Author Yizhou Li, e-mail: lyzpp2000@163.com

Problem Statement:

Ask a home buyer to describe their dream house, and they probably won't begin with the height of the basement ceiling<br>
or the proximity to an east-west railroad. But this playground competition's dataset proves that much more influences<br>
price negotiations than the number of bedrooms or a white-picket fence.<br>
<br>
With 79 explanatory variables describing (almost) every aspect of residential homes in Ames, Iowa, this competition<br>
challenges you to predict the final price of each home.

# 1. Data Preprocessing

In [53]:
# Step1: Loading necessary libraries and datasets.
import numpy as np 
import pandas as pd
import matplotlib.pyplot as plt
from sklearn.preprocessing import LabelEncoder, OneHotEncoder
from sklearn.compose import ColumnTransformer
from sklearn.impute import SimpleImputer

# Step2: Functions definitions.
def load_data():
    train_df = pd.read_csv("input/train.csv")
    test_df = pd.read_csv("input/test.csv")
    my_df = train_df.merge(test_df, how='outer')
    return my_df

def drop_duplicates(my_df):
    my_df.drop_duplicates(inplace=True)
    my_df = my_df.loc[:,~my_df.columns.duplicated()]
    return my_df

def make_mi_scores(X, y):
    X = X.copy()
    for colname in X.select_dtypes(["object", "category"]):
        X[colname], _ = X[colname].factorize()
    # All discrete features should now have integer dtypes
    discrete_features = [pd.api.types.is_integer_dtype(t) for t in X.dtypes]
    mi_scores = mutual_info_regression(X, y, discrete_features=discrete_features, random_state=0)
    mi_scores = pd.Series(mi_scores, name="MI Scores", index=X.columns)
    mi_scores = mi_scores.sort_values(ascending=False)
    return mi_scores

def plot_mi_scores(scores):
    scores = scores.sort_values(ascending=True)
    width = np.arange(len(scores))
    ticks = list(scores.index)
    plt.barh(width, scores)
    plt.yticks(width, ticks)
    plt.title("Mutual Information Scores")

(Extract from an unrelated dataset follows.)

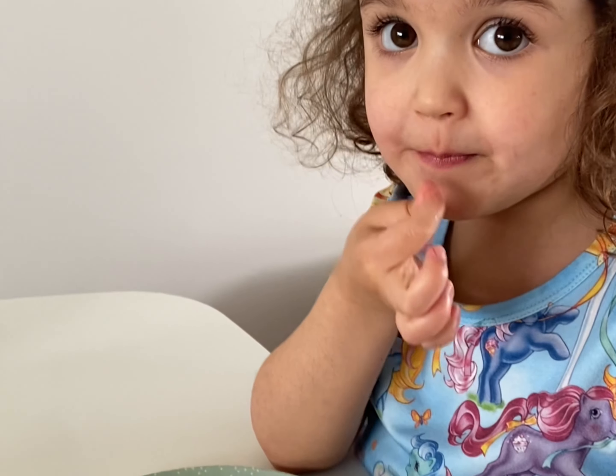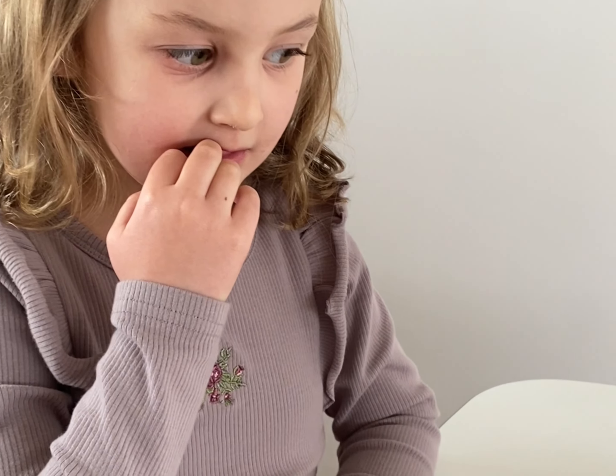Hi girls, can you say hi? Hi, say hi Stella! So today we are having — every day we have a smoothie bear. What does it have in it, do you girls remember? Mango! Sometimes we have mango and bananas, peanut butter — yeah — we have nut milk, dates, yep, and chocolate powder. That's right!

def drop_columns_missing_above_80_percent(train_df, test_df) -> None :
    null_series = train_df.isnull().sum().sort_values(ascending=False)
    print("columns have null values:\n", null_series, "\n", sep="")
    temp_lst = []
    for i,v in null_series.items():
        if v / train_df.shape[0] >= 0.8:
            temp_lst.append(i)
    train_df.drop(temp_lst, axis=1, inplace=True)
    null_series = train_df.isnull().sum().sort_values(ascending=False)
    print("after we drop the columns that miss 80 percent values:\n", null_series, sep="")

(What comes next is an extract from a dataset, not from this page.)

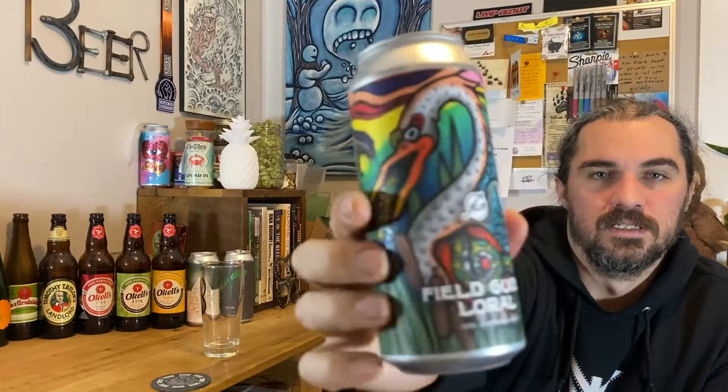Cool artwork. There's no date on this. I picked this up like a week before Beertuberpalooza, so that was the last weekend in September, and it is now almost mid-November — so almost two months, month and a half.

    null_series = test_df.isnull().sum().sort_values(ascending=False)
    print("columns have null values:\n", null_series, "\n", sep="")
    temp_lst = []
    for i,v in null_series.items():
        if v / test_df.shape[0] >= 0.8:
            temp_lst.append(i)
    test_df.drop(temp_lst, axis=1, inplace=True)
    null_series = test_df.isnull().sum().sort_values(ascending=False)
    print("after we drop the columns that miss 80 percent values:\n", null_series, sep="")

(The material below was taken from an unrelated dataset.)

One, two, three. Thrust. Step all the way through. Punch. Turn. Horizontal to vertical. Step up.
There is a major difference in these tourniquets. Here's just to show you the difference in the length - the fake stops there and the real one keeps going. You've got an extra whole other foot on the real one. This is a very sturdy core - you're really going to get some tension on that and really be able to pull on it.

# Step3: Load Data; Drop duplicates; Handle missing values.
my_df = load_data()
my_df = drop_duplicates(my_df)

# todo 

# test
# d = {'col1': [1, np.nan, 2], 'col2': [np.nan, 4, 2]}
# df = pd.DataFrame(data=d)

# imputer = SimpleImputer()
# d = imputer.fit_transform(df.select_dtypes(include="number"))
# df = pd.DataFrame(data=d, columns=df.columns)
# df
# print(my_df['LotFrontage'].isnull().sum())
# print(my_df["LotFrontage"].mean())
# my_df["LotFrontage"].head(10)
# print(my_df.info())

imputer = SimpleImputer(missing_values=np.nan, strategy='mean')
d = imputer.fit_transform(my_df.select_dtypes(include="number"))
my_numerical_df = pd.DataFrame(data=d, columns=my_df.select_dtypes(include="number").columns)

imputer = SimpleImputer(missing_values=np.nan, strategy='most_frequent')
d = imputer.fit_transform(my_df.select_dtypes(exclude="number"))
my_categorical_df = pd.DataFrame(data=d, columns=my_df.select_dtypes(exclude="number").columns)

# my_df = my_numerical_df.merge(my_categorical_df, left_on=my_numerical_df.columns, right_on=my_categorical_df.columns)
# my_df.info()

# Step4: Encode categorical values into numerical type.
ct = ColumnTransformer(transformers=[('encoder', OneHotEncoder(), [0])], remainder='passthrough')
my_categorical_df = np.array(ct.fit_transform(my_categorical_df))
df = pd.DataFrame(data=my_categorical_df)
df

# Step5: Split dataset into training and testing sets.

# Step6: Feature scaling (Optional). dataset into training and testing sets.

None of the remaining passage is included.